Innovative approaches at grassroots level in Zambia
26 December 2007
Young people in Zambia.
Photo credits: UNAIDS/M.Aon
Slowing the high rate of new infections in young girls in Zambia is being addressed with urgency by leadership on several levels across the country.
The high rate of infections in young girls is a key element of the epidemic in Zambia. Girls are at risk for several reasons including the fact that hey are often economically dependent on men, or fear violence from them, so however well educated they are about the risks, they cannot say no to sex. In Zambia there is also pressure on women to demonstrate their fertility, so they do not use condoms and a cultural trend for inter-generational relationships also puts girls at risk: statistics show that HIV prevalence peaks in men between the ages of 29 and 34; in women it is 15 – 24.
Addressing this issue, a partnership called “Women for Change” works with traditional leaders in Zambia who are all men, conducting education around relationships in addition to mediation skills in community disputes, for example, over issues about land.
Rainbow Coalition of NGOs targeting HIV and women’s rights
Zambia has also seen the recent founding of the Rainbow Coalition. Its patron, Mrs Elizabeth Mataka is also Executive Director of ZNAN and the United Nations Secretary General’s Special Envoy on AIDS in Africa.
The Rainbow Coalition was founded with the support of the Open Society Initiative for Southern Africa. It has brought together for the first time, diverse NGOs concerned with HIV and women’s rights issues, to bid for Global Fund grants.
Their work has helped to persuade the Global Fund to issue stringent guidelines to recipients of its grants to ensure that they take into account the needs of women and girls equally with men.
Sisonke Msimang, AIDS programme manager at the Open Society Initiative for Southern Africa, says: “It’s absolutely great that through this exercise the Global Fund has reviewed the conditions for awarding grant money in future.
“With modifications in the rules, it should be easier for the Rainbow Coalition to target the grants available from the Global Fund. That’s what we are pushing for now.”
Coordinated partnership key
Recently arrived in Zambia, UNAIDS’ Partnerships Adviser, Maha Aon, says one of her greatest challenges is to learn more about how to make prevention work for girls in a context like Zambia, and to ensure partners are working together for the best results.
The issue of women and girls was a central consideration at a national AIDS conference on the role of civil society in the quest for universal access held in Zambia earlier this year.
About 300 representatives of community-based organizations, mostly from district-level, were invited to the conference organized by the Zambia National AIDS Network (ZNAN).
“At the three-day ZNAN conference, there were many discussions on how to ensure different civil society constituencies working in the field organized and nominated representatives to participate at a national level and feed back to their constituencies,” she said.

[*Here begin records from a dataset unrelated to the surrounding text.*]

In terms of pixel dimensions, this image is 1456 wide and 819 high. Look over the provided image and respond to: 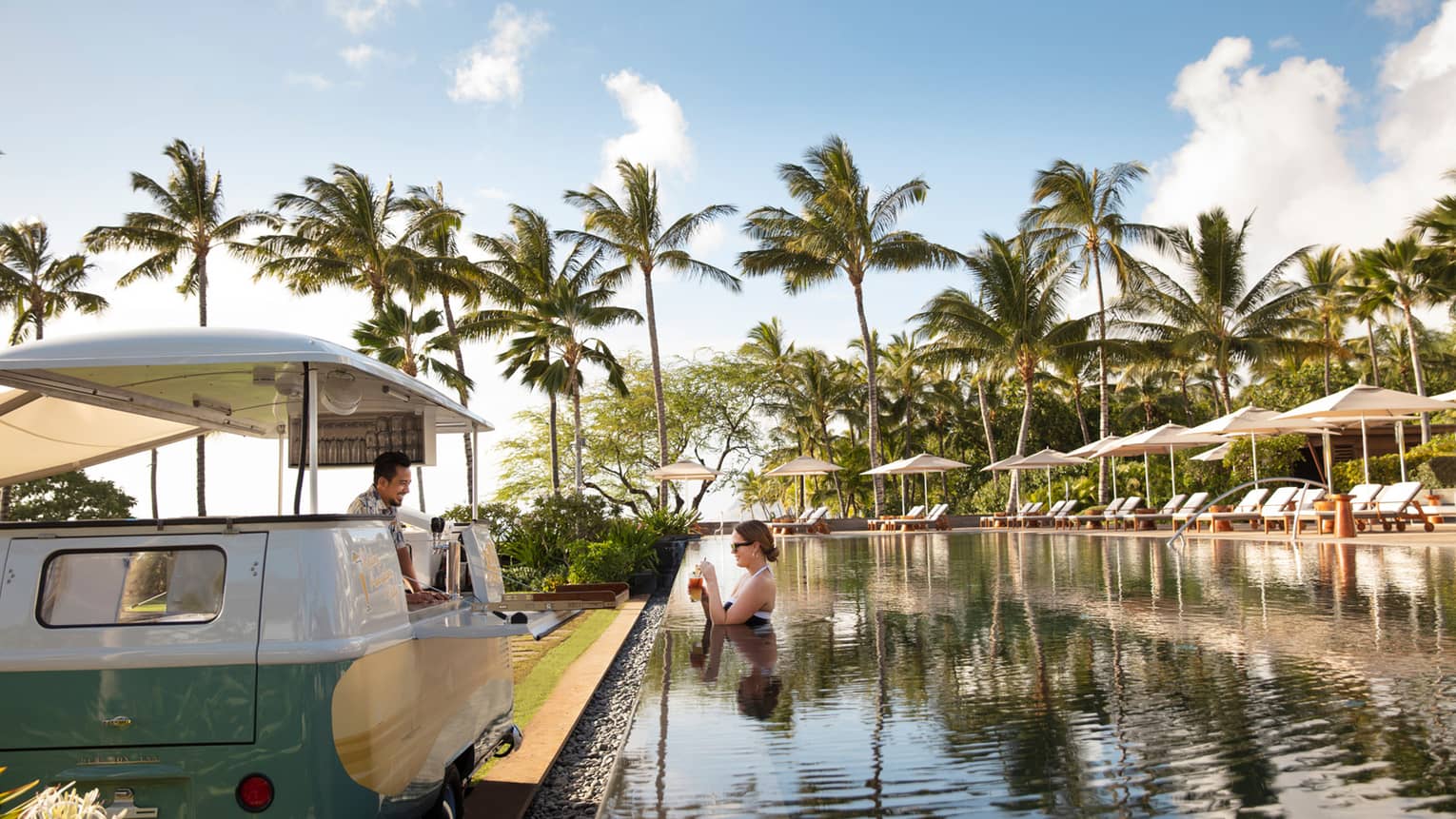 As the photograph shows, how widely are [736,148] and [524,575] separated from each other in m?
7.98

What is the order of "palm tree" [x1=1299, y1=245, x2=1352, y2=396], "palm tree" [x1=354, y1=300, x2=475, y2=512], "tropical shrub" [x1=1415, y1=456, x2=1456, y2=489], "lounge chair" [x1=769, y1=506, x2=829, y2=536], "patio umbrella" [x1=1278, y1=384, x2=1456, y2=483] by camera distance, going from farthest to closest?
"palm tree" [x1=1299, y1=245, x2=1352, y2=396]
"lounge chair" [x1=769, y1=506, x2=829, y2=536]
"palm tree" [x1=354, y1=300, x2=475, y2=512]
"tropical shrub" [x1=1415, y1=456, x2=1456, y2=489]
"patio umbrella" [x1=1278, y1=384, x2=1456, y2=483]

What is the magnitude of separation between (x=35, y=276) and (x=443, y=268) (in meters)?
14.0

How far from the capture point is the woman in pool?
774cm

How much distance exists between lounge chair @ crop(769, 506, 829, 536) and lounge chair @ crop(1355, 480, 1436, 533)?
17.9m

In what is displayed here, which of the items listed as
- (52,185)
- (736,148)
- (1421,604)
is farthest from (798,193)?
(1421,604)

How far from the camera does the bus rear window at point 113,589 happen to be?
292 centimetres

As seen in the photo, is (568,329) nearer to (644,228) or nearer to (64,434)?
(644,228)

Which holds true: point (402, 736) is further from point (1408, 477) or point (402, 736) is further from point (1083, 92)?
point (1408, 477)

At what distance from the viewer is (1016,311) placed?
3544cm

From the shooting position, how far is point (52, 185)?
1259cm

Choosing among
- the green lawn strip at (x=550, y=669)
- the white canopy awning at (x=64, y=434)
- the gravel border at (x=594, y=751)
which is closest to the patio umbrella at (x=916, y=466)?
the green lawn strip at (x=550, y=669)

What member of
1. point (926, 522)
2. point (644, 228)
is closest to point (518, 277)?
point (644, 228)

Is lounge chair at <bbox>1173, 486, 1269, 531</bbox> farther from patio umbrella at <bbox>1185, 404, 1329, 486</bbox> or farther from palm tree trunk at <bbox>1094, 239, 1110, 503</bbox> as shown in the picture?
palm tree trunk at <bbox>1094, 239, 1110, 503</bbox>

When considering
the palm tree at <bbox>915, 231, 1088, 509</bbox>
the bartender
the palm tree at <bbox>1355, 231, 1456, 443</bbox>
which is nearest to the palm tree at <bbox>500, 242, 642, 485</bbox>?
the palm tree at <bbox>915, 231, 1088, 509</bbox> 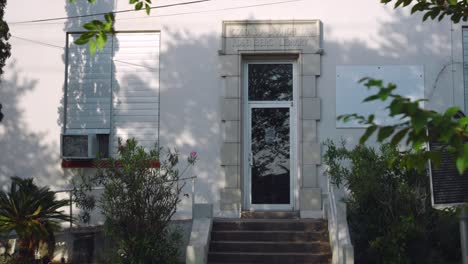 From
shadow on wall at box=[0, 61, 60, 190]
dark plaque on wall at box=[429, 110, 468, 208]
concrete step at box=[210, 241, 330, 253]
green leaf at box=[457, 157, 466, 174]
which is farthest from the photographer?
shadow on wall at box=[0, 61, 60, 190]

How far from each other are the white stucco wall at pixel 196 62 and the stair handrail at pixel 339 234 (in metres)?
1.50

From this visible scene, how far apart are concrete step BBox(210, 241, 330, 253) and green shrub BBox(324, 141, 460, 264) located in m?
0.66

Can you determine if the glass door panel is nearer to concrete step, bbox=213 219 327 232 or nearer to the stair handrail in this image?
concrete step, bbox=213 219 327 232

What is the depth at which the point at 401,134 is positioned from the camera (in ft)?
9.57

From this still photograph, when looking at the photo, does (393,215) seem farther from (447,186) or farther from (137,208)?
(137,208)

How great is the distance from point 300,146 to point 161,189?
10.2ft

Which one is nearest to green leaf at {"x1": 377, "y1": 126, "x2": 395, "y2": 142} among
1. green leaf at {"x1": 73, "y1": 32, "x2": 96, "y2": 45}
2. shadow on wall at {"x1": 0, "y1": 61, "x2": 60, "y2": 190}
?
green leaf at {"x1": 73, "y1": 32, "x2": 96, "y2": 45}

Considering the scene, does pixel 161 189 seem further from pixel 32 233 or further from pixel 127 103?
pixel 127 103

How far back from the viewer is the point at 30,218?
9.16m

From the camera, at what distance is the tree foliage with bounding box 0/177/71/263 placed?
899cm

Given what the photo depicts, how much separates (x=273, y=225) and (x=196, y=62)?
342 centimetres

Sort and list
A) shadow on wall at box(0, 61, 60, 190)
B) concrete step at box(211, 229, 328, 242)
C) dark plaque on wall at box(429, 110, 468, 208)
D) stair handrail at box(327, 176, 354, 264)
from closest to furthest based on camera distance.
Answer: dark plaque on wall at box(429, 110, 468, 208)
stair handrail at box(327, 176, 354, 264)
concrete step at box(211, 229, 328, 242)
shadow on wall at box(0, 61, 60, 190)

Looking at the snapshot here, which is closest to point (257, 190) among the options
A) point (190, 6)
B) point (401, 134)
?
point (190, 6)

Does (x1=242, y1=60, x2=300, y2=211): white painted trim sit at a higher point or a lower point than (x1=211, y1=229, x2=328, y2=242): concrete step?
higher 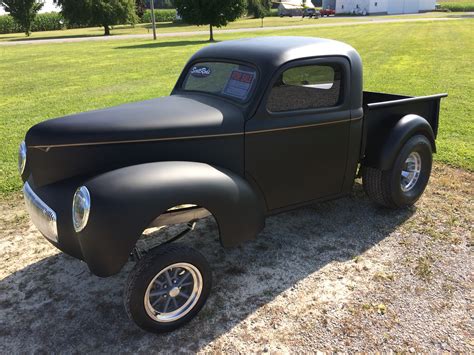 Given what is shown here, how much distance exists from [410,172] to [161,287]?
3.06 meters

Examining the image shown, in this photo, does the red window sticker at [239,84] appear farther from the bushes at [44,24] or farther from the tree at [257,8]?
the bushes at [44,24]

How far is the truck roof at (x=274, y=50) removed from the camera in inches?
131

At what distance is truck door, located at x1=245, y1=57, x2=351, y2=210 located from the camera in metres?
3.31

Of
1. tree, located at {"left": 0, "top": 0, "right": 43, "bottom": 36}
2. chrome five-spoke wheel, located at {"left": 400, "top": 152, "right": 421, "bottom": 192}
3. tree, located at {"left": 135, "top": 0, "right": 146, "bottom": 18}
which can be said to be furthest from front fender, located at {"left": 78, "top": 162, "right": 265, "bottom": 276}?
tree, located at {"left": 135, "top": 0, "right": 146, "bottom": 18}

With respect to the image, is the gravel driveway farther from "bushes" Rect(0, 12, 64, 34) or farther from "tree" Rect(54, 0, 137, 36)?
"bushes" Rect(0, 12, 64, 34)

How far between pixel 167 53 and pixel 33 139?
18.6 meters

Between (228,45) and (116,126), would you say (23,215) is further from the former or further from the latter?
(228,45)

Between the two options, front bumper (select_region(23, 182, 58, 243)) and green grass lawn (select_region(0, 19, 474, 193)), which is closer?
front bumper (select_region(23, 182, 58, 243))

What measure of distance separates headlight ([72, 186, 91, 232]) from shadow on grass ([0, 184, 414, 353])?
0.84m

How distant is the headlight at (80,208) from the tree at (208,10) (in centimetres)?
2514

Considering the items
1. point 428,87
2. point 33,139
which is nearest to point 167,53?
point 428,87

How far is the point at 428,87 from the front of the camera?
34.9 feet

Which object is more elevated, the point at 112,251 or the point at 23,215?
the point at 112,251

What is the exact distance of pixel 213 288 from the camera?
3.29m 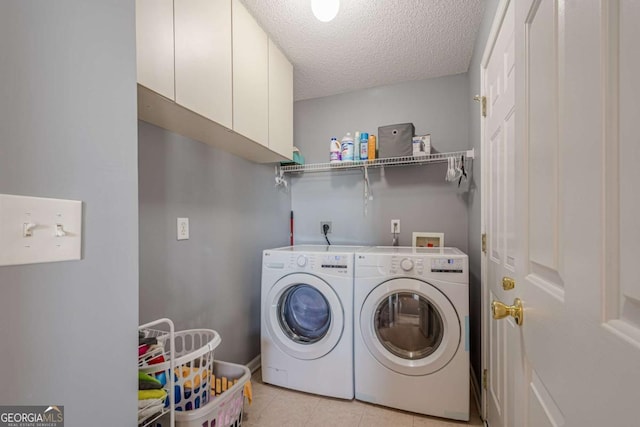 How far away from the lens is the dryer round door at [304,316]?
1662mm

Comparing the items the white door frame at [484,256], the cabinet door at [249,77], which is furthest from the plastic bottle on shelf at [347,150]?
the white door frame at [484,256]

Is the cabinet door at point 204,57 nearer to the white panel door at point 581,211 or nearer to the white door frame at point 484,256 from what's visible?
the white panel door at point 581,211

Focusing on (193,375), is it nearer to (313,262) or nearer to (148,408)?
(148,408)

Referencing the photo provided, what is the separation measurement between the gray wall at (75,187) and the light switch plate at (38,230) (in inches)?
0.6

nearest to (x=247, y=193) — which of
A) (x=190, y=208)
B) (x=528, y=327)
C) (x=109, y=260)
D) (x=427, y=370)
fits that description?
(x=190, y=208)

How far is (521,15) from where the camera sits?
690 mm

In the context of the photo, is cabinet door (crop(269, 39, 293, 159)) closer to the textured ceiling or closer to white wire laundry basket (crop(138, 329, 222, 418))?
the textured ceiling

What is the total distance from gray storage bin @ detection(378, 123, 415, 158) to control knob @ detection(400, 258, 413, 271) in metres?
0.89

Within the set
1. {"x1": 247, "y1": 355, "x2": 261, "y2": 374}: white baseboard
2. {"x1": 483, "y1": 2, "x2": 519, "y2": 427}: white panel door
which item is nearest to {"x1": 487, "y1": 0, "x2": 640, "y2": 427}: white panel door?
{"x1": 483, "y1": 2, "x2": 519, "y2": 427}: white panel door

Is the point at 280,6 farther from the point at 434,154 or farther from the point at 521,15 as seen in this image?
the point at 434,154

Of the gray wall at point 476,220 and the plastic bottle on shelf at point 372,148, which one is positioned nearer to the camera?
the gray wall at point 476,220

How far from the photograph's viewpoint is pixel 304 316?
1842mm

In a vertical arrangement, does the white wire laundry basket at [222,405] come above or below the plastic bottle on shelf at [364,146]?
below

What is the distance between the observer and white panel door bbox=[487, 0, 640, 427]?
0.30 m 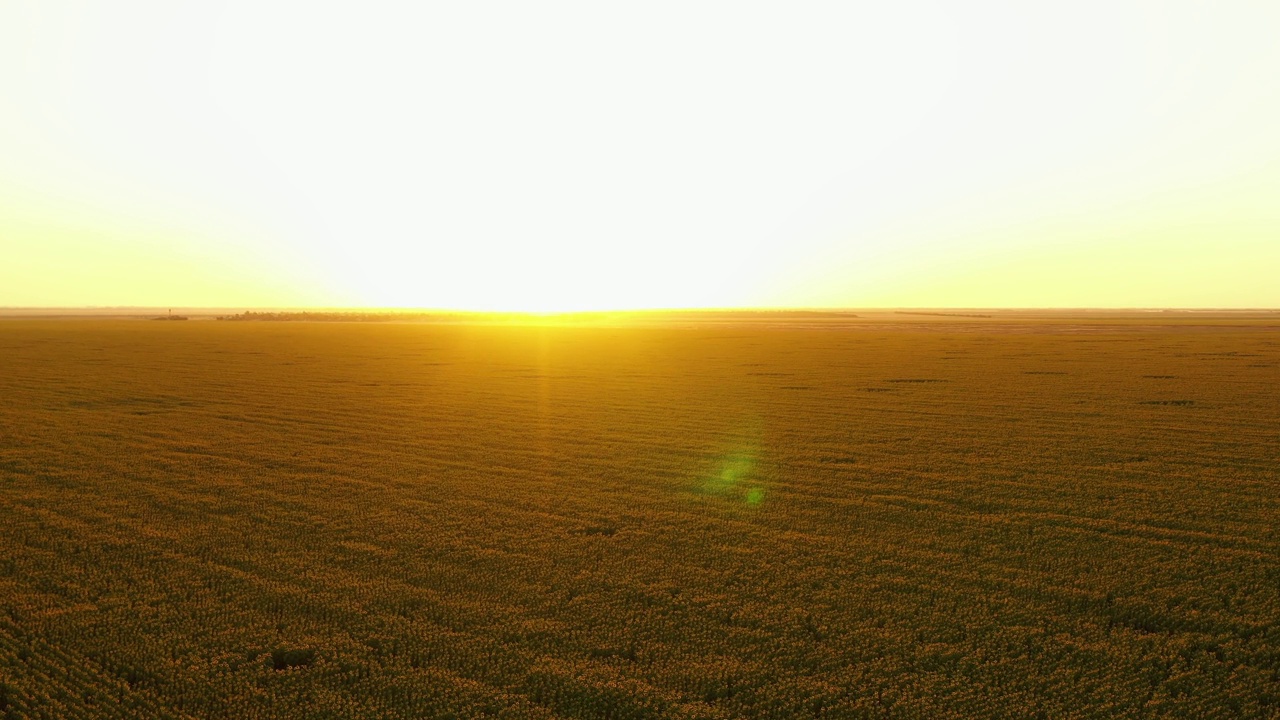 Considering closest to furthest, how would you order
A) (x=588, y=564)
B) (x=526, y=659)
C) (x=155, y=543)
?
(x=526, y=659), (x=588, y=564), (x=155, y=543)

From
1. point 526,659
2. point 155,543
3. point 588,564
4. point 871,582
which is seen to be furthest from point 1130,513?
point 155,543

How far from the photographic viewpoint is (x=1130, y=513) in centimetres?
893

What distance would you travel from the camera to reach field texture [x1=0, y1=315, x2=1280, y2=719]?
16.6 feet

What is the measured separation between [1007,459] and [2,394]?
84.7 ft

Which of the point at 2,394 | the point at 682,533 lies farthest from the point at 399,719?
the point at 2,394

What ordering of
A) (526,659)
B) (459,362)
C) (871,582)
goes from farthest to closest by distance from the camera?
(459,362)
(871,582)
(526,659)

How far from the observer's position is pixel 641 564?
7293 millimetres

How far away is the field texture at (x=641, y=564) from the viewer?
5.05 m

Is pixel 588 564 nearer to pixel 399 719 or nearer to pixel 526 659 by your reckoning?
pixel 526 659

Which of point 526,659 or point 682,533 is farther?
point 682,533

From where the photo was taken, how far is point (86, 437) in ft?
45.5

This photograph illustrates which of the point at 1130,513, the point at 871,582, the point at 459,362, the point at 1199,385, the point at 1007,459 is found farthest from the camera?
the point at 459,362

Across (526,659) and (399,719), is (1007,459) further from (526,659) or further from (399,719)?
(399,719)

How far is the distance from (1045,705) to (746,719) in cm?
206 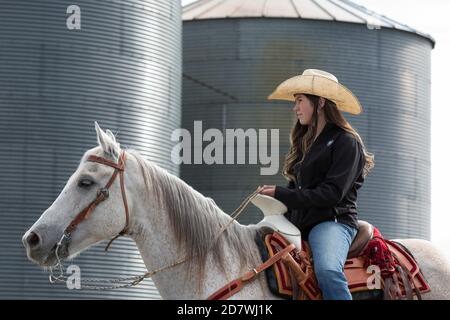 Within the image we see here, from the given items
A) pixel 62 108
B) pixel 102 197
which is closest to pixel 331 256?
pixel 102 197

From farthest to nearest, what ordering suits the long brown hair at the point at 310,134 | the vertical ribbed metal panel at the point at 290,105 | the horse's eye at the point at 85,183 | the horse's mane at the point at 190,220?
the vertical ribbed metal panel at the point at 290,105 → the long brown hair at the point at 310,134 → the horse's mane at the point at 190,220 → the horse's eye at the point at 85,183

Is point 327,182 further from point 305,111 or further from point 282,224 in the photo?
point 305,111

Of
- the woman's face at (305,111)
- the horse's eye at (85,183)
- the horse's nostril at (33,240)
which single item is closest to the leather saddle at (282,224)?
the woman's face at (305,111)

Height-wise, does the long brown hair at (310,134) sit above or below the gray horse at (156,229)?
above

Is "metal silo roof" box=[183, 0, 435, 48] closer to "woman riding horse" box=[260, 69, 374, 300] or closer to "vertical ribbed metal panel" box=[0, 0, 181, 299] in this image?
"vertical ribbed metal panel" box=[0, 0, 181, 299]

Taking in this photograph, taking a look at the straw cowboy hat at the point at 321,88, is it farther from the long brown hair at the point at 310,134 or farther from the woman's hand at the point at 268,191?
the woman's hand at the point at 268,191

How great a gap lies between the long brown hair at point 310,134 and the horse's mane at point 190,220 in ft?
2.70

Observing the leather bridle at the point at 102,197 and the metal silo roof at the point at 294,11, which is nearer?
the leather bridle at the point at 102,197

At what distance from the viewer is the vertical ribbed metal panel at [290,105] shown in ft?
115

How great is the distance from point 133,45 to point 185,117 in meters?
6.18

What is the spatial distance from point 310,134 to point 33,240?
2172 mm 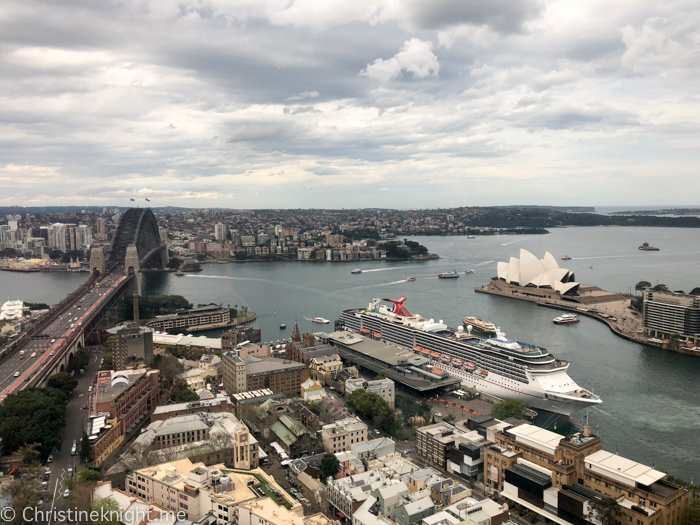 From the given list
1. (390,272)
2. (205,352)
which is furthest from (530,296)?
(205,352)

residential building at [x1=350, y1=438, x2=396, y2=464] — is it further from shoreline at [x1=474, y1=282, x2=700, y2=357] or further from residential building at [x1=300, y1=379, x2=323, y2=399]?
shoreline at [x1=474, y1=282, x2=700, y2=357]

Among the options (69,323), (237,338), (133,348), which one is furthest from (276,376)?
(69,323)

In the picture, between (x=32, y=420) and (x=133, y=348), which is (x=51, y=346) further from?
(x=32, y=420)

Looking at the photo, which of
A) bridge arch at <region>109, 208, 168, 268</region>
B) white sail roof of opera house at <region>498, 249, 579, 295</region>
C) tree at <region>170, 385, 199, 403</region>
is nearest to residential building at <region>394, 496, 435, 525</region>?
tree at <region>170, 385, 199, 403</region>

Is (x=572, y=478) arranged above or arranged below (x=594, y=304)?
above

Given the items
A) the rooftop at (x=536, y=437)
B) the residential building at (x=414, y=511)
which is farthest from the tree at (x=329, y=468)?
the rooftop at (x=536, y=437)

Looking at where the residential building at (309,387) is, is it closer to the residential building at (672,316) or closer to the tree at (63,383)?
the tree at (63,383)

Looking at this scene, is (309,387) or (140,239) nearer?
(309,387) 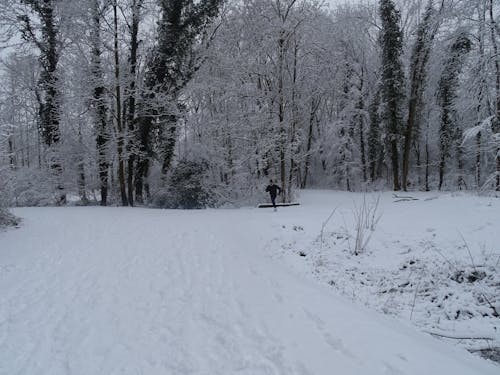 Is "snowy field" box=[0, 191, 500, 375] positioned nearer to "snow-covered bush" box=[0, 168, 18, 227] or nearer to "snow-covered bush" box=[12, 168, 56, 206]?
"snow-covered bush" box=[0, 168, 18, 227]

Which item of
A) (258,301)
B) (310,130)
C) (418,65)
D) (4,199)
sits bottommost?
(258,301)

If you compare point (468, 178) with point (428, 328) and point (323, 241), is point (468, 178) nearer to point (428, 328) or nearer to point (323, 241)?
point (323, 241)

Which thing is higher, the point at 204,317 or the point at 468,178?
the point at 468,178

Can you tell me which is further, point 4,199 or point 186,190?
point 186,190

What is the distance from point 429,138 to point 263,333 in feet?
106

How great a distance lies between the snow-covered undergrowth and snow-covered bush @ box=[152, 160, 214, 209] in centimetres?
936

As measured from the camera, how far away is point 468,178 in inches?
1107

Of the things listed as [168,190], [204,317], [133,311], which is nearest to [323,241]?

Through workshops and seminars, they examined the work at grassroots level in prevention, treatment, care and support. They shared their successes and challenges, and debated civil society’s advocacy agenda around human rights issues ranging from gender to working with most-at-risk populations.
“There are many partners working on HIV in Zambia, but the main challenge is to get the programmes and money down to the districts and in a country as vast as Zambia with the poor quality of roads, this is not an easy feat.”
“At UNAIDS we find ourselves advocating for improved road systems, for income generation activities, for a strengthened civil society movement…issues that are key to development in general and not just to the micro-level issue of virus transmission.
“The Zambian government and people’s openness, frankness and sincerity in dealing with development in general, and HIV in particular is absolutely humbling, and the mere presence of this myriad of international partners and development aid make it obligatory for us to work on delivering.”